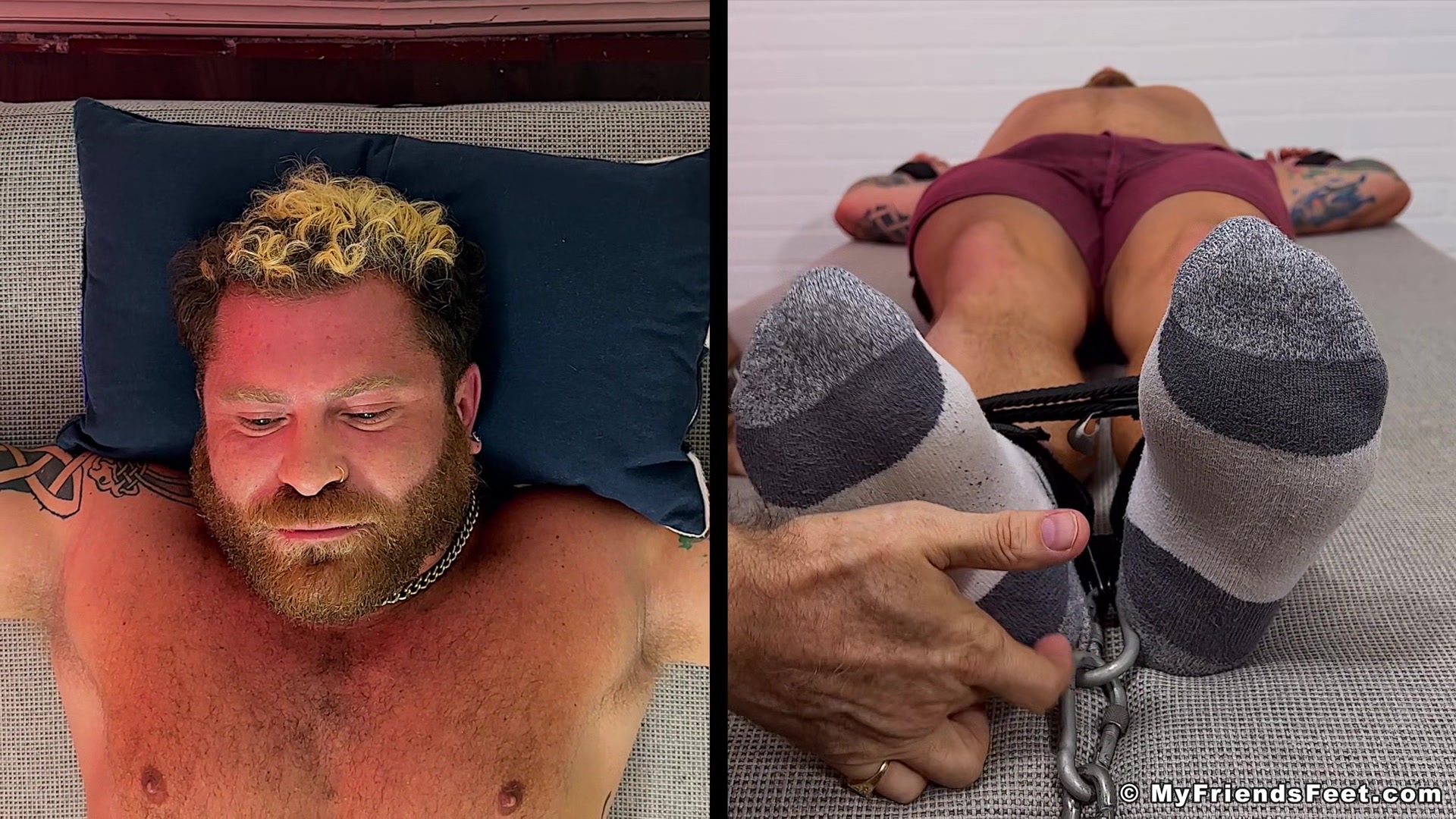 Riley Tickled - Riley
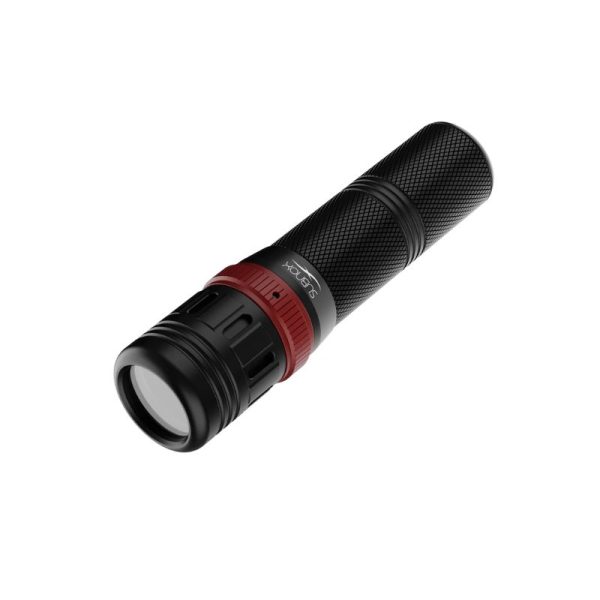 Subnox SUB400LEP high performance narrow beam torch for scuba diving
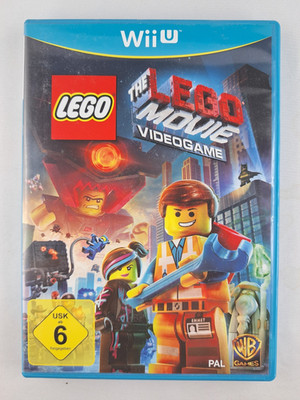WiiU The Lego Movie Videogame Nintendo Wii U mit Anleitung GETESTET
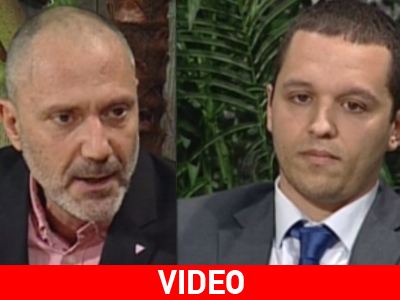 Κασιδιάρης vs Βαλλιανάτος για τη μάχη των Αθηναίων Κασιδιάρης vs Βαλλιανάτος για τη μάχη των Αθηναίων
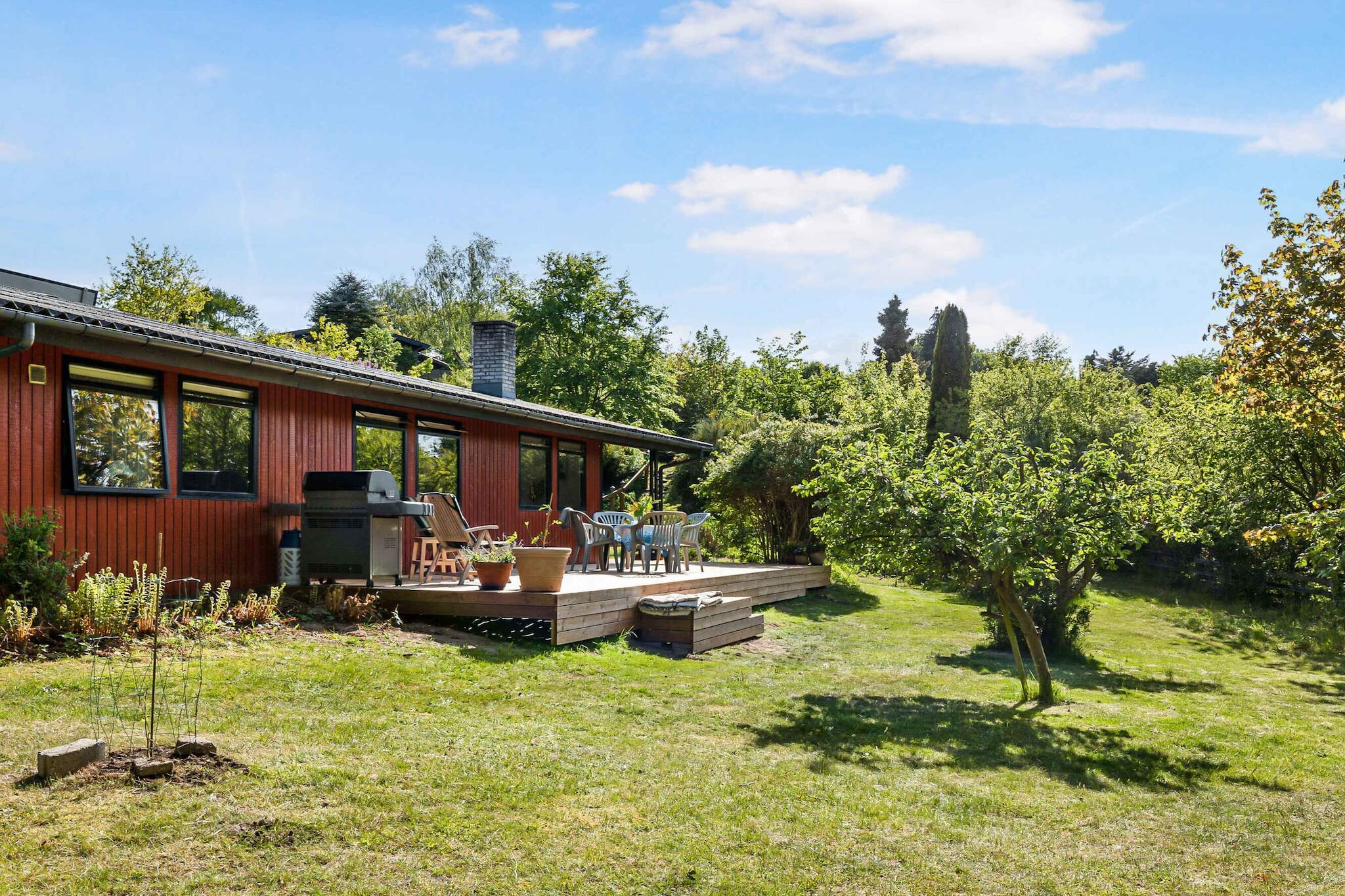 5 sterren vakantie huis in Asnæs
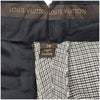 LOUIS VUITTON Wollseide Checkhose 21226393 152930633 [P]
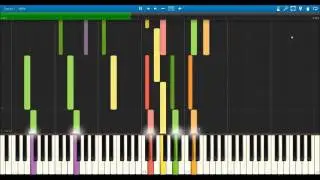 Hans Zimmer: Watch The World Burn / The Dark Knight Ending Sequence | Midi Visualisation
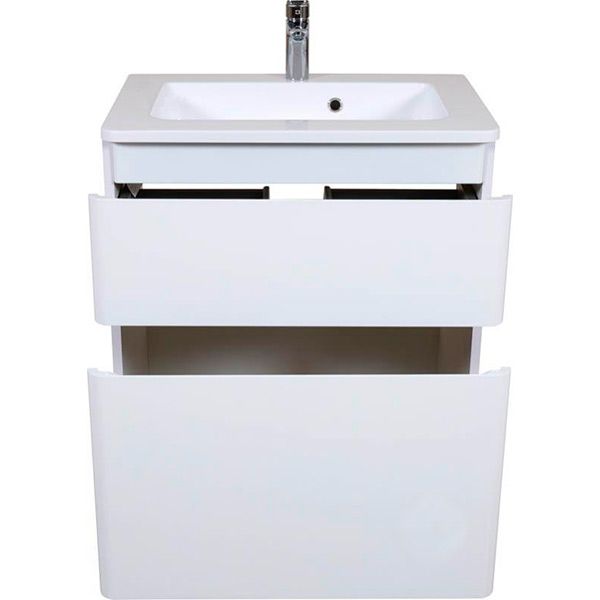 Тумба Aqua Rodos Акцент напольная 70 см с умывальником Альфа АР000040142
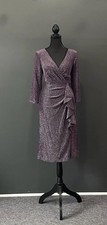 Jessica Howard Women  s Size 12 Purple Mother Of The Bride Dress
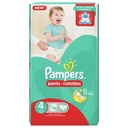 Couches Pampers Culotte JP ML Maxi 50 unités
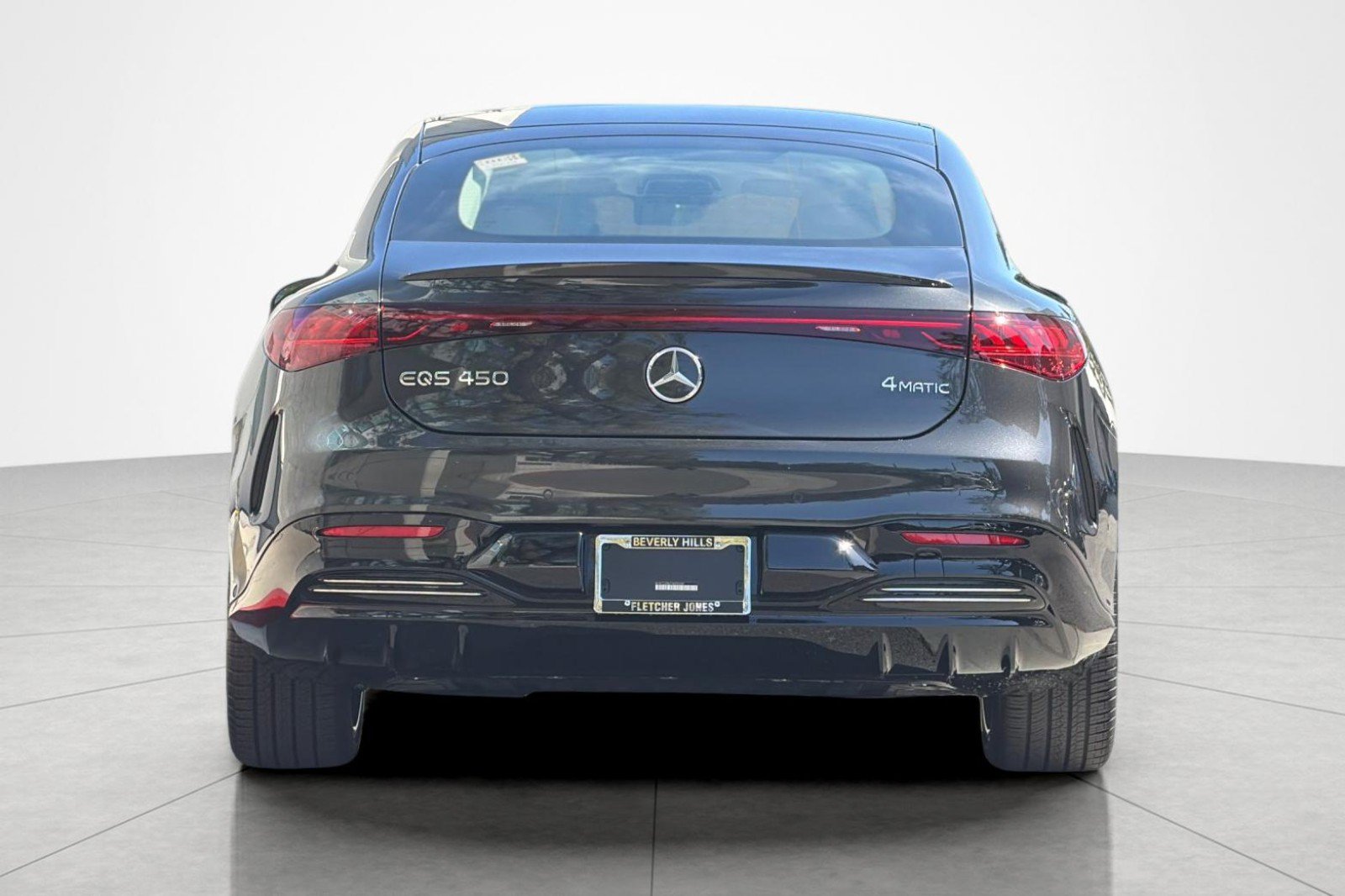 New 2026 Mercedes-Benz EQS 450+ 4MATIC Sedan image 4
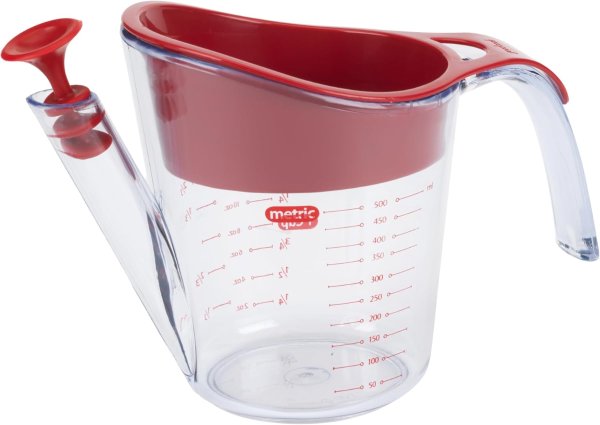 GoodCook Fat Separator 2-Cup Heat-Resistant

★ ★ ★

GOAL OF THE EXERCISE: Copy out exactly the lines that begin at the line with "New 2026 Mercedes-Benz" and end at the final line of the entries above. Leave out the pictures.

TASK RESULT:
 New 2026 Mercedes-Benz EQS 450+ 4MATIC Sedan image 4
 GoodCook Fat Separator 2-Cup Heat-Resistant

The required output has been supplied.